Poster (2015, March)

Transcranial magnetic stimulation coupled to high-density electroencephalography (TMS-EEG) allows for directly and non-invasively stimulating the brain and recording the subsequent cortical response ... [more ▼]

Transcranial magnetic stimulation coupled to high-density electroencephalography (TMS-EEG) allows for directly and non-invasively stimulating the brain and recording the subsequent cortical response. Previous TMS-EEG studies have shown clear-cut differences between conscious and unconscious conditions. When subjects are unconscious, as in non-rapid eye movement (NREM) sleep early in the night (stage N3), anesthesia or coma, TMS typically triggers a stereotypical and local slow-wave response. When they are conscious, as in normal wakefulness and rapid eye movement sleep (REM) sleep, brain responses to TMS are long-lasting, widespread, complex, and differentiated.
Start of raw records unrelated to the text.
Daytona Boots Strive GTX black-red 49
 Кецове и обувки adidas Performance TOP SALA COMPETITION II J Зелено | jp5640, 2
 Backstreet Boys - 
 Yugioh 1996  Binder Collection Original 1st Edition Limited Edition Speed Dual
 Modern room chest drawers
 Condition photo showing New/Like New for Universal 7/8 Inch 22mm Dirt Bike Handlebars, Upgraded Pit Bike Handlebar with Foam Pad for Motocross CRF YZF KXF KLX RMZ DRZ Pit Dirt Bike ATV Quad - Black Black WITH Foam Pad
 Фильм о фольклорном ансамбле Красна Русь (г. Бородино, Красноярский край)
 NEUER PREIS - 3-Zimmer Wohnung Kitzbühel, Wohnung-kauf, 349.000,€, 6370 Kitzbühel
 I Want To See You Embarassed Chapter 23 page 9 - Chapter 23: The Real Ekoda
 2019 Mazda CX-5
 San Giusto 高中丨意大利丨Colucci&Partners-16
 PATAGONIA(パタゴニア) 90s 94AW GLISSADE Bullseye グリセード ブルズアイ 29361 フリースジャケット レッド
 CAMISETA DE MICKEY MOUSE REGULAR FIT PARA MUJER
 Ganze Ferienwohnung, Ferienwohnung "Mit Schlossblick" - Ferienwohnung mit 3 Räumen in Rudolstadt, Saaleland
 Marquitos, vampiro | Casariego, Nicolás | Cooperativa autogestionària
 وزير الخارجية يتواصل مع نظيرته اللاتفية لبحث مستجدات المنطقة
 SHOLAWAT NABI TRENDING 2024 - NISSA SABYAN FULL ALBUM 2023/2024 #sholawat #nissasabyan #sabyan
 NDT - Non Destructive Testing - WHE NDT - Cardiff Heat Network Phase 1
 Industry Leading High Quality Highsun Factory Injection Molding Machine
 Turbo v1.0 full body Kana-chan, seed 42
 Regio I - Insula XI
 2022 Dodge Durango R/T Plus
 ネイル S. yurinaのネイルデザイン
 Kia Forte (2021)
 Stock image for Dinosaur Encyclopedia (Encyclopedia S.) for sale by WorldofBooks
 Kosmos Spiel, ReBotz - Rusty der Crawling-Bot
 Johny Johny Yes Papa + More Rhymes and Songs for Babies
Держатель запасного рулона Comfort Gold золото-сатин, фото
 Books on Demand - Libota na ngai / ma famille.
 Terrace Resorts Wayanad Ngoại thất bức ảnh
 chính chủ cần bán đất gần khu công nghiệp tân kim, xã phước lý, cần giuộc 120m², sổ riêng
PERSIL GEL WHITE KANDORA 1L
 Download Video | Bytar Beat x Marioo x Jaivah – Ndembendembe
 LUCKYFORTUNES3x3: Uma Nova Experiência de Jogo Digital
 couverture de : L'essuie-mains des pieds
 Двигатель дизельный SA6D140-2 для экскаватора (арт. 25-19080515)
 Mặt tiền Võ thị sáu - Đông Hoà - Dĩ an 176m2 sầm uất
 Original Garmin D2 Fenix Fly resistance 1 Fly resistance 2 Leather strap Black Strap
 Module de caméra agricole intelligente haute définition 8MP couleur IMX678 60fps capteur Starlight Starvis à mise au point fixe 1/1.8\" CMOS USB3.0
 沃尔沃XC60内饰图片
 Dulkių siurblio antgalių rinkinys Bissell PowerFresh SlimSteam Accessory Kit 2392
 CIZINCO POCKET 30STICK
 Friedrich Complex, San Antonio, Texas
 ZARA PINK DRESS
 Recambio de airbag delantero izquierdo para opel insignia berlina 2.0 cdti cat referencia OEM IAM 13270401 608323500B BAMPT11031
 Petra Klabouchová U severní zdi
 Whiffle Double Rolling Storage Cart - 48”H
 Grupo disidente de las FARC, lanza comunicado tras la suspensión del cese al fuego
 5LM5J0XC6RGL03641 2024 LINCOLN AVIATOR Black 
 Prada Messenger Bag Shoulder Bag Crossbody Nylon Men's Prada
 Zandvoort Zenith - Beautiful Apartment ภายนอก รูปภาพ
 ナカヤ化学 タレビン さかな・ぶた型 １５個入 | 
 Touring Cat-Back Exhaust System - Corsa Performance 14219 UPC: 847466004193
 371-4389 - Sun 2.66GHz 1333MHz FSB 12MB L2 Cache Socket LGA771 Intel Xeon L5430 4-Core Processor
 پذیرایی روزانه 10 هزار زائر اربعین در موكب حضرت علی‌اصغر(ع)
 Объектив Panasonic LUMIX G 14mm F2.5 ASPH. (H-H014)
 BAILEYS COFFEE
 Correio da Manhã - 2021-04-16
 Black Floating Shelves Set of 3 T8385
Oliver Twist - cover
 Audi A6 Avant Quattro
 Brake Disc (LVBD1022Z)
In this study, we performed TMS-EEG during NREM sleep in stage 2 (N2) and N3 on 7 healthy participants. Brain activity was recorded using a 60-channel TMS-compatible EEG and single-pulse TMS was applied (up to 285 pulses per session) on the superior parietal cortex. After each TMS session (5 to 15 sessions per night), subjects were awakened to ask for a dream report. TMS-EEG responses were analyzed using the global mean field amplitude (GMFA), the perturbational complexity index (PCI), as well as time-frequency measures. Our results show that the TMS-EEG response during N3 is larger and slower than during N2 sleep. The GMFA is higher and PCI is lower in N3 as compared to N2 sleep. Moreover, N3 recordings showed activation at lower frequency bands after TMS as compared to N2 sleep. Additionally, TMS-EEG responses vary depending on whether subjects do or do not report a dream. TMS-EEG might provide valuable information for characterizing neurophysiological fluctuations and levels of consciousness within NREM sleep. [less ▲]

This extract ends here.